But there's a second form of homesickness that can bubble up in your soul sometimes—often as a reaction to those material items, but going deeper and hurting more. It's an ache for presences past, for the souls that animated and embodied our most beloved memories of home. The ache is often filled with grief and gratitude because our entire idea of home is bound up in their presence, in the way they lived and loved so well. Rather than a gentle ache, it can feel like a raw, burning hurt. In those moments, we feel the absence of the presences that made us who we are, and we long to see them resurrected in our lives. This is why we walk in their footsteps, bake their bread, and tell their stories: to keep them alive, to feel their presences again, to conjure up the comfort they created—even if only for a moment.
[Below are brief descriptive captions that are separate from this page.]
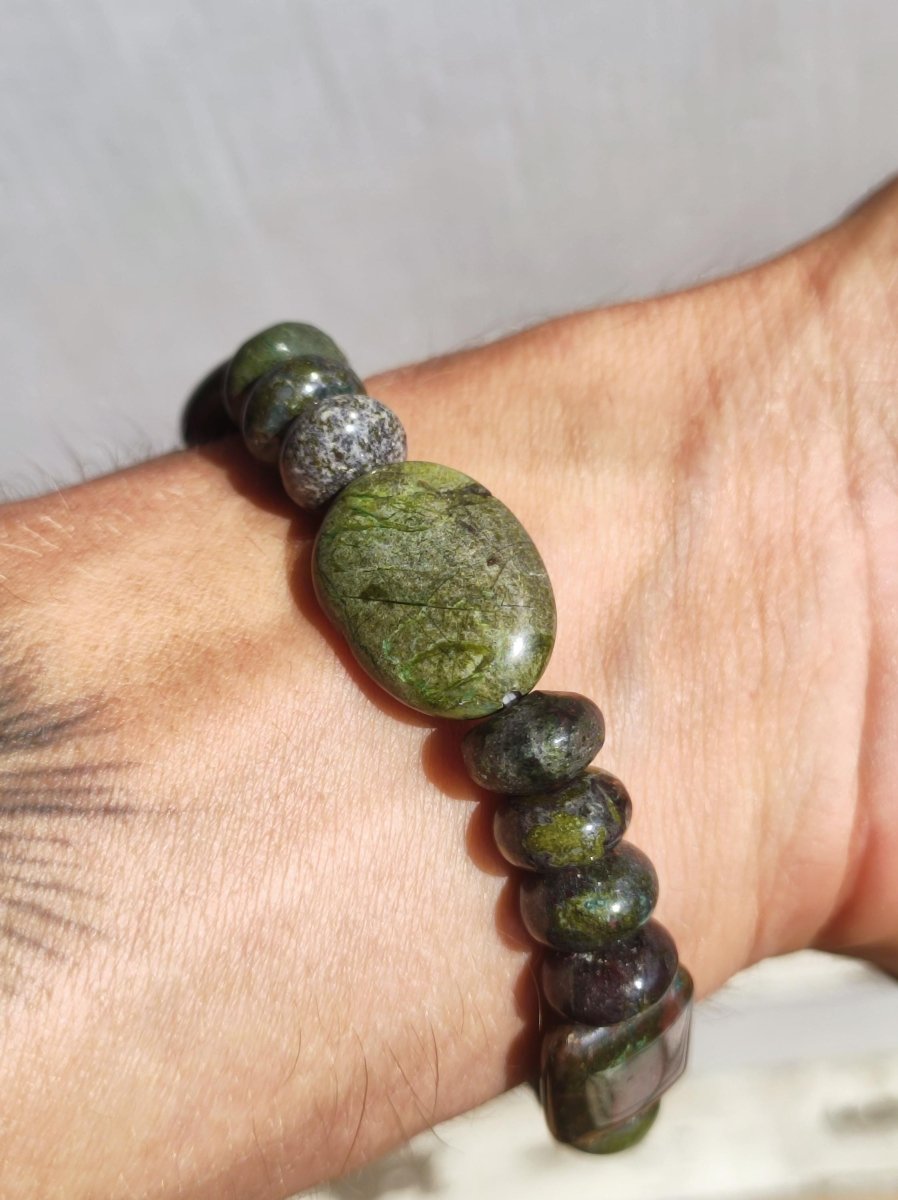 Regenwald Rhyolith - Edelstein Armband Perlen Heilstein Natur grün Energie Natur Echt Rarität Schmuck Frau Mann Er Sie Bruder Geschenk - Art of Nature Berlin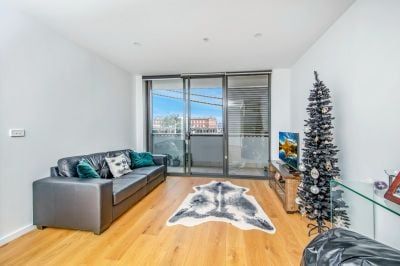 City Life Made So Easy! - Photo 3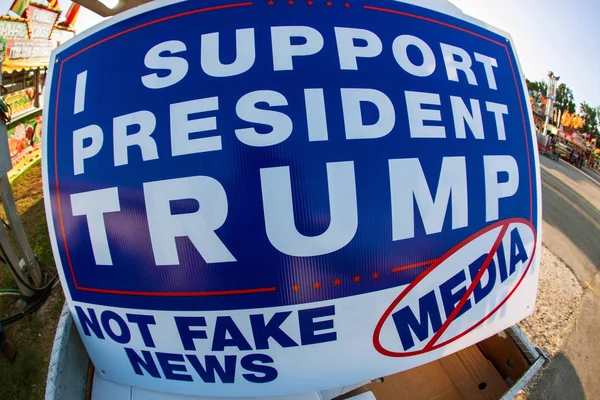 Sign Says I Support President Trump Not Fake News Media — Stock Photo, Image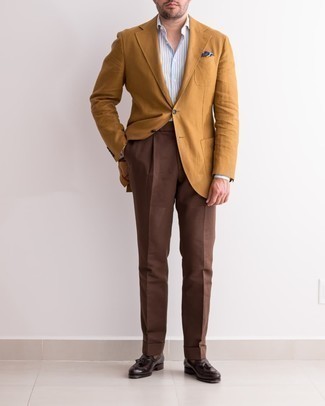 Comment porter un blazer marron avec des slippers en cuir marron pour un style elégantes quand il fait chaud: Associe un blazer marron avec un pantalon de costume marron pour un look pointu et élégant. Une paire de slippers en cuir marron est une option judicieux pour complèter cette tenue.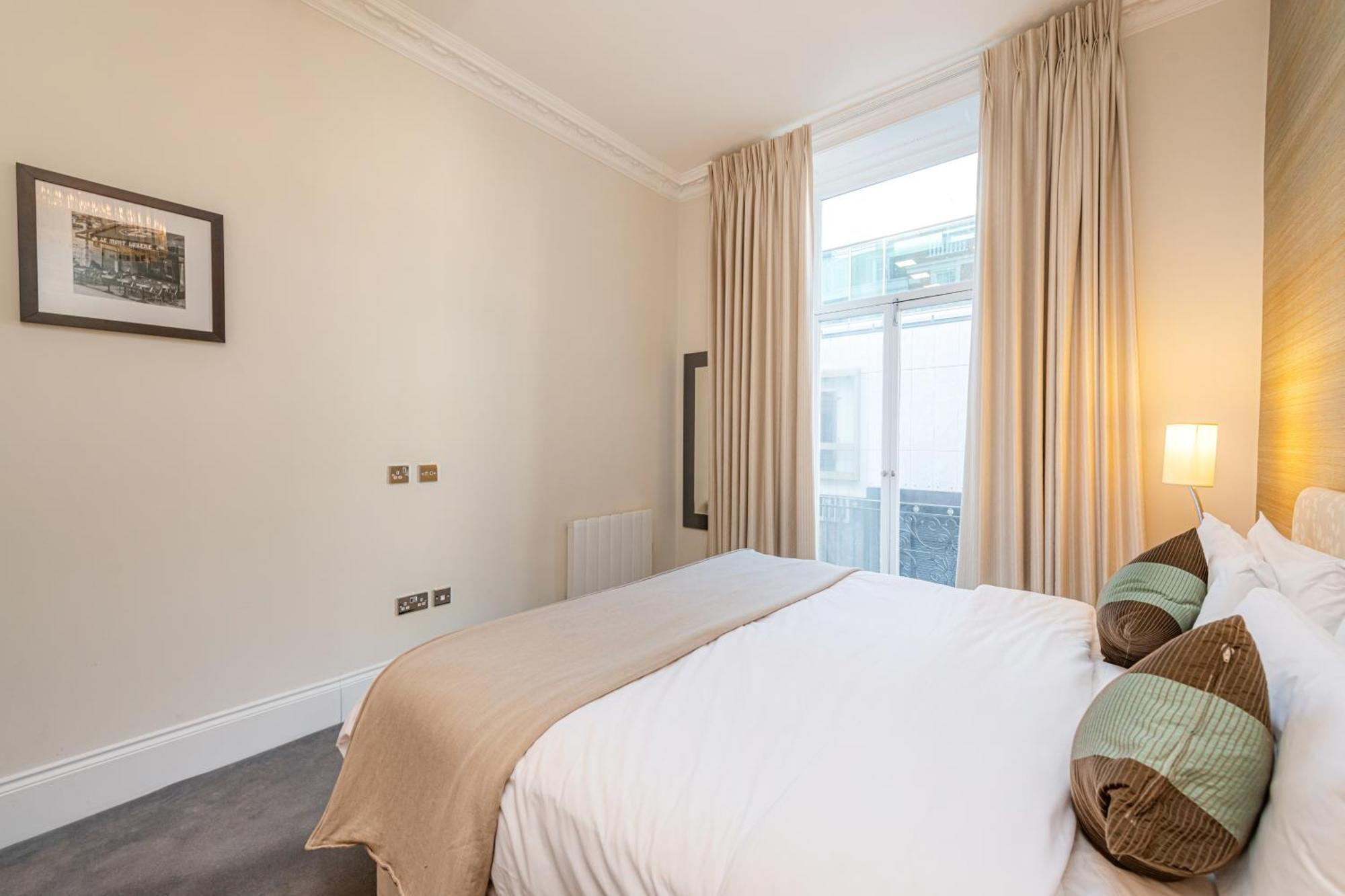 20 Hertford Street - Mayfair Apartments London Szoba fotó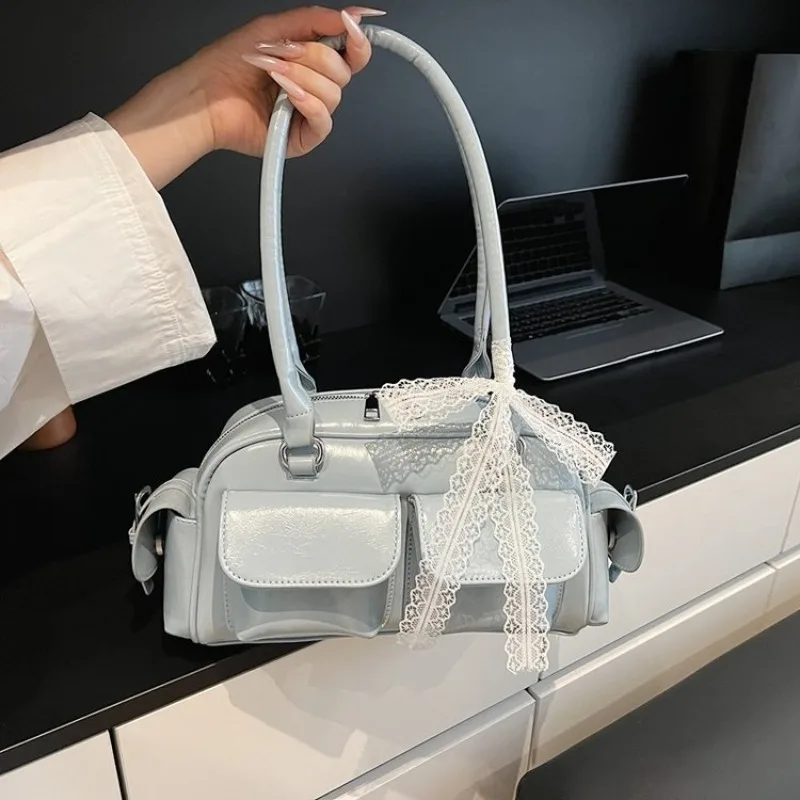 高級ミニマリストおむつバッグ、ユニークなスクエアサッチェル、女性用レターロゴ付きヴィンテージレザーメッセンジャーバッグ
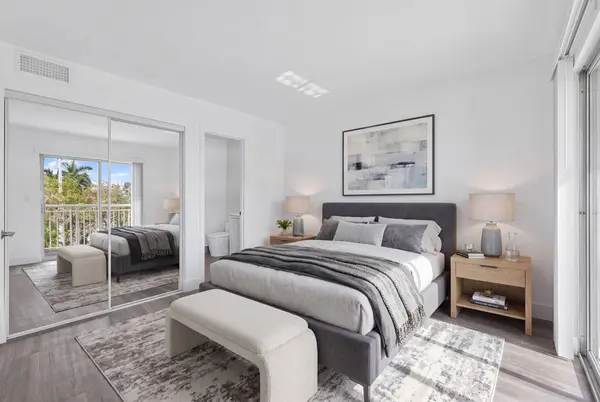 17051 NE 35TH AVE #207, North Miami Beach, FL 33160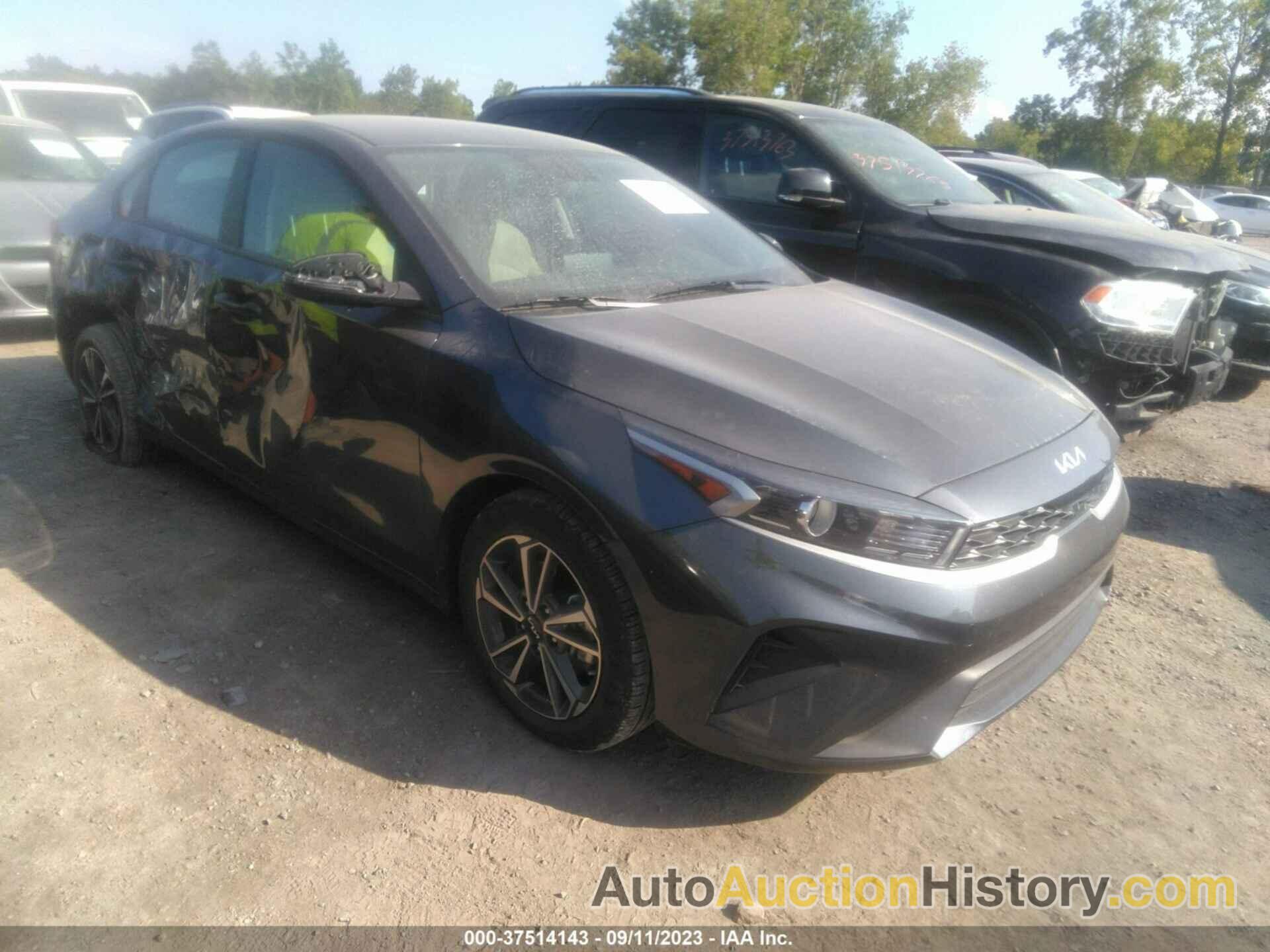 KIA FORTE LXS, 3KPF24AD9PE555611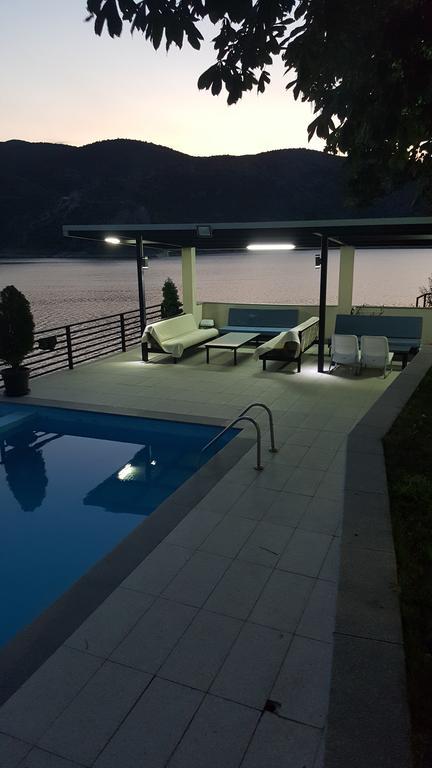 Villa Tikvesh Lake 卡瓦达尔奇 外观 照片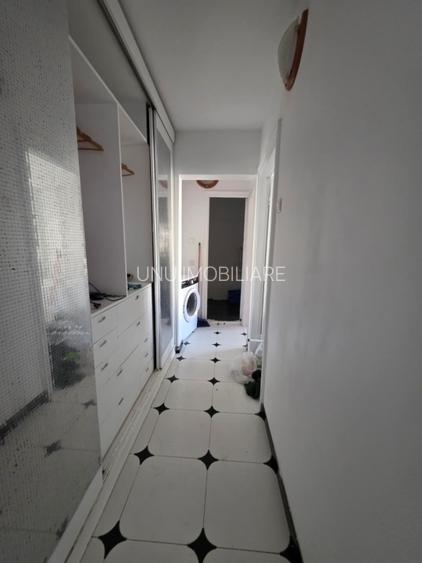 Etaj 3-Podul de Fier-3 Camere Decomandat -bloc 82' - 5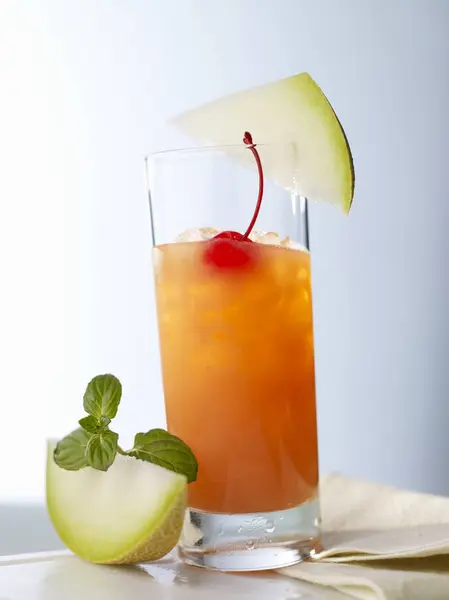 Cocktail with melon and vodka — Stock Photo, Image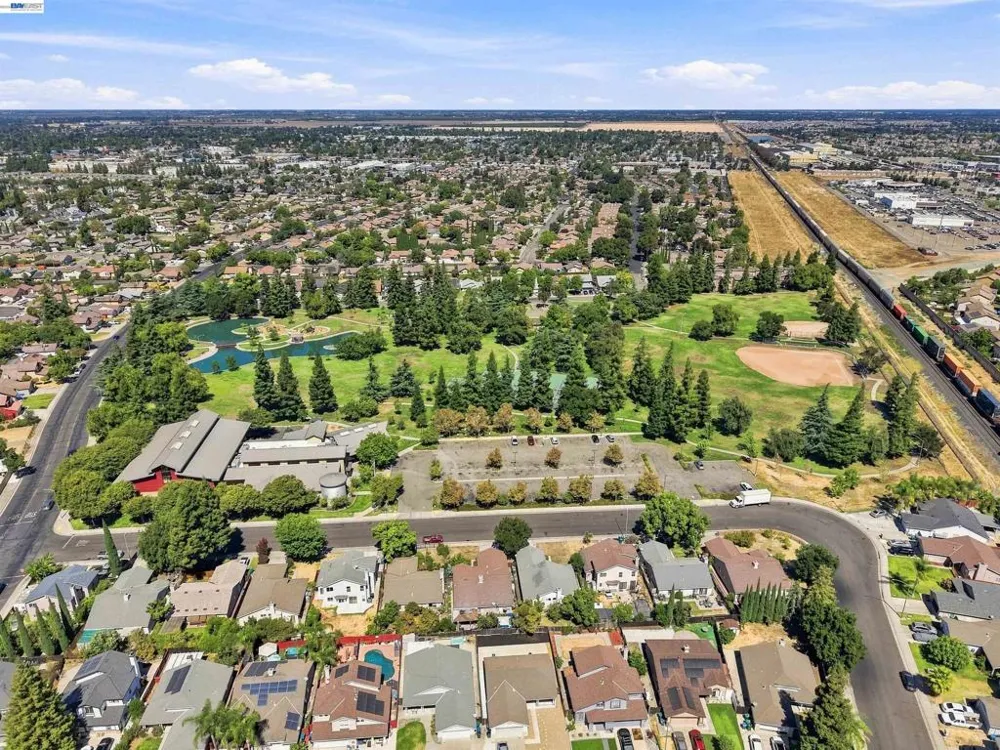 2422 Presidente St Stockton, CA 95210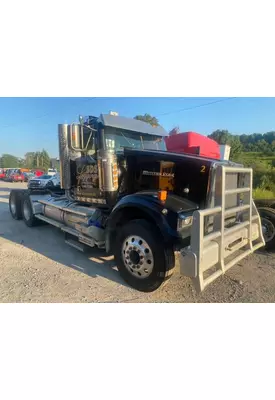 WESTERN STAR TRUCKS 4900 FA Radiator Overflow Bottle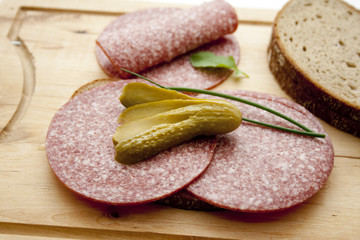 Brot mit Salami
"Nostalgia" is derived from the Greek word nostos, for "homecoming," and algos, for "pain, ache." I know I'm not alone in experiencing this ache. Many of my friends have also experienced this homesickness and wrestled with it. Perhaps readers of this book have wrestled with it as well. Many of us share those sense memories of our hometowns, of our grandparents, of the people and places who gave us life. Recalling a particular tree, an autumn scent, or the eccentric habit of a deceased loved one can result in a pang of longing.

We choose what to do with this ache. We can ignore it, dismiss it as sentimentality, and push forward with our lives. Or we can pause and consider. What is the pain telling us about what we're missing? What does it tell us about how we might form the future?"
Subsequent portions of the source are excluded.